All of that is determined by your theme, or you child theme’s, CSS. My plugin has a bare minimum of CSS styling applied, because I adhere to the best practice of letting the theme control the appearance, while plugins should only add functionality.
The sign-up form has no styling applied to it at all. It is a standard form, with each field/input wrapped in paragraph tags that don’t have a style or class assigned to them. Within the paragraph tags for each field there is the name of the field, which is wrapped in label tags, and the actual input fields, which are standard text input fields. NO CSS or inline styles have been applied!
That means, any weird formatting is due to how your own theme or child them applies styles to paragraphs, labels, and text inputs within a form.
The lists of sign-up sheets and tasks are done with tables, and there is very minimal styling applied to them.
To make them work better with your theme, you’re going to have to override how your theme handles those files with some custom CSS. You can use the “inspect element” feature of your browser to find names and/or ids of various elements my plugin generates if you want to target them specifically. The signup form has a name field, so you can target paragraphs, labels, and text inputs inside of that specific form if you need to alter only the way those are displayed.
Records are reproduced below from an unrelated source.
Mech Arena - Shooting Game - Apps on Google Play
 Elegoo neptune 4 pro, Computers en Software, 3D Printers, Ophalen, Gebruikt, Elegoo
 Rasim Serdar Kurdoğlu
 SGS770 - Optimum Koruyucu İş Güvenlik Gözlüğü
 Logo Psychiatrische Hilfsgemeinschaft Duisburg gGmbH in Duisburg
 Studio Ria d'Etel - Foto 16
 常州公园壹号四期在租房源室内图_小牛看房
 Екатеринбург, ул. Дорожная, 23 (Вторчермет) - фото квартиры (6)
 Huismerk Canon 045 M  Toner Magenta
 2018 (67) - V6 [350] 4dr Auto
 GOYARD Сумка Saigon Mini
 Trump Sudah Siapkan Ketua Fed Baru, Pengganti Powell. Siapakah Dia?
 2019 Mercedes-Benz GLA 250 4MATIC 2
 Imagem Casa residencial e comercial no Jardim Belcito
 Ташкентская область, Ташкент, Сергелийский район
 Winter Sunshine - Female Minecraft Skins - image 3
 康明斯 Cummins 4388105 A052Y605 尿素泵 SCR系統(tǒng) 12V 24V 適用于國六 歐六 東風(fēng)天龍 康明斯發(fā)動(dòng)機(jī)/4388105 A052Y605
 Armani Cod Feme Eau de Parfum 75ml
As far as responsiveness goes, that is also up to your theme. Since I’m not doing any type of complex CSS styling, it’s all up to your theme to decide what gets moved to new lines and how tables respond on smaller screens. You may need to create some custom CSS rules to target those table elements when on smaller screens to make them fit better on mobile phones.
I don’t design themes, since graphics and CSS are not my strong suits, which is why I try to keep styling to a minimum in all my plugins.